An outline of machine learning capabilities within the field of digital advertising. And what it means for your patient recruitment campaigns – both in the future and right now.

First of all, let’s have a look at what machine learning is and how it’s used by Facebook – the king of utilizing machine learning for digital advertising purposes.

What is Machine Learning?

Facebook and other digital platforms have access to lots of information about how users behave while on the internet. In Facebook’s case, this comes from their enormous user base and how people behave while engaged with Facebook itself. Plus the huge amount of data they’ve gathered about how people behave on other sites that have the Facebook Pixel installed.

Using complex algorithms, Facebook analyses this data in order to improve the results it delivers, based on learning from experience. It’s literally a ‘machine’ – the hardware, software and algorithms that come together to create Facebook – that is ‘learning’ from the data it has access to.

How Does Facebook Use this Data?

Facebook looks at what you want to achieve with your campaign – for example, generating potential patient leads for clinical trials – then shows your ads to people who are most likely to perform the action that you want them to. Such that, where Facebook can see that people who match up to a particular set of data points are the ones who usually perform this action, they will then try to target other people who, from their previous behaviours, match those same data points.
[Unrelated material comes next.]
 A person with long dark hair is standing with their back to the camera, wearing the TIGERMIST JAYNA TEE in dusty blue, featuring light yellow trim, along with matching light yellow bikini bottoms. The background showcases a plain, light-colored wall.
Having seen the results over many campaigns I’ve been involved with, I’m convinced that, over time Facebook would be able to use its machine learning capabilities to target the right people, even without any manual optimization at all during the period the campaign was running. (As long as you understand and set your goals correctly within the Facebook system). That is, the ongoing interpretation of the new data by Facebook itself would be continually improving the results of your campaign, without requiring any input from you.

Of course, as a Facebook ads specialist, that conjures up the possibility of me being done out of a job by the very system I’m an expert in. However, what it really means is that the tools I’m working with have become so sophisticated, that the combination of expert human-devised strategy, with enhanced machine learning functionality, helps to deliver the best possible results.

Where previously I might have spent a lot more time interpreting the data provided to try and match my targeting to the right sort of people; now I can put more effort into experimenting with and optimising elements such as audiences, creatives, and different parts of the funnel along the patient journey. Plus I can give the system a ‘head start’ through using my experience and knowledge of the best methods for getting the most out of machine learning. Which leads to better results overall and maximises the return from your ad spend.

Working with Machine Learning for Optimal Results

Marketers such as myself, who have a strong background in the way things were done in ‘the olden days’ (ie more than five years ago), are usually well-versed in the methodologies of such things as ‘split testing’ and ‘beat the control’. (Things that originally date all the way back to the earliest days of advertising as a proper profession). Indeed, I’d suggest that, were Claude C Hopkins (one of the founding fathers of the methods of modern marketing) around today, he’d understand the basic principles behind digital advertising as being essentially the same as those he wrote about in his classic text ‘Scientific Advertising’.

The difference nowadays is that Claude C Hopkins and people like myself were experienced in analysing and managing campaigns manually – that is, interpreting the data for ourselves and making adjustments accordingly. Facebook and the other main digital advertising platforms have taken that basic idea and automated it to a level that would have been inconceivable even just ten years ago.

Fundamentally, the amount of data that Facebook has to work with now is so enormous, that a single individual – even one as skilled as Mr Hopkins – would never be able to get anywhere near to being as accurate with their predictions of how people will behave. Which is why Facebook’s machine learning capabilities help to keep it head and shoulders above any other advertising platform out there.

Of course, the system is only as good as the information you provide to it. One of the easily-overlooked elements for success when working with machine learning is that you have to give the machine the right parameters to work with in the first place. Thus ensuring that the ongoing optimisation through the algorithm is actually targeting the right sort of people – those who are most likely to register their interest in participating in a clinical trial. (Or whatever it is you’re trying to achieve with your ads).

Conclusion

Machine learning is not something from the future as imagined in science fiction. It’s here today, and has been for many years in one form or another. In order to deliver the best possible results from your patient recruitment digital advertising campaigns (and indeed, any form of digital advertising campaign), you need to embrace this fact and incorporate the possibilities of machine learning into your strategy. Which will ultimately provide for much better outcomes than could be achieved without it.